◆ **TRY IT**:
Output the data verbatim, minus the images.

◆ **RECORDED INFORMATION**:
[Start of section]

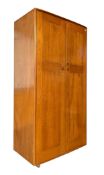 ERCOL - MODEL 480-CSP38 - MID CENTURY DOUBLE ELM WARDROBE
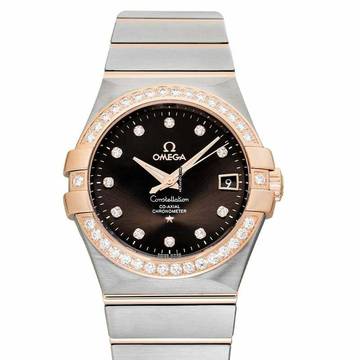  Omega Constellation Ladies 123.25.35.20.63.001 - Constellation Automatic Brown Dial Stainless Steel Ladies Watch </h1> 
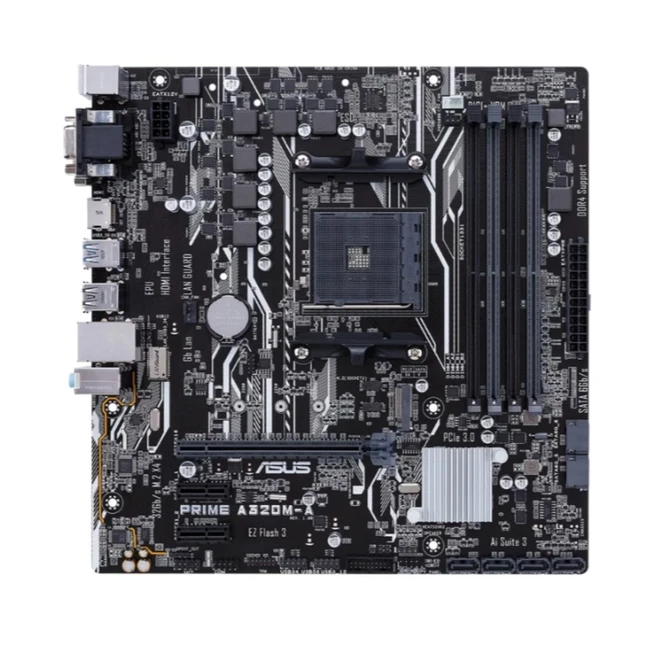 Материнская плата Asus PRIME A320M-A PRIMEA320M-A Micro-ATX, AMD AM4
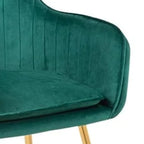 Dialect Modern High Tufted Back Luxury Green Lounge Chair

[End of section]

◆ **RESULT OF THIS EXERCISE**:
 ERCOL - MODEL 480-CSP38 - MID CENTURY DOUBLE ELM WARDROBE
  Omega Constellation Ladies 123.25.35.20.63.001 - Constellation Automatic Brown Dial Stainless Steel Ladies Watch </h1> 
 Материнская плата Asus PRIME A320M-A PRIMEA320M-A Micro-ATX, AMD AM4
 Dialect Modern High Tufted Back Luxury Green Lounge Chair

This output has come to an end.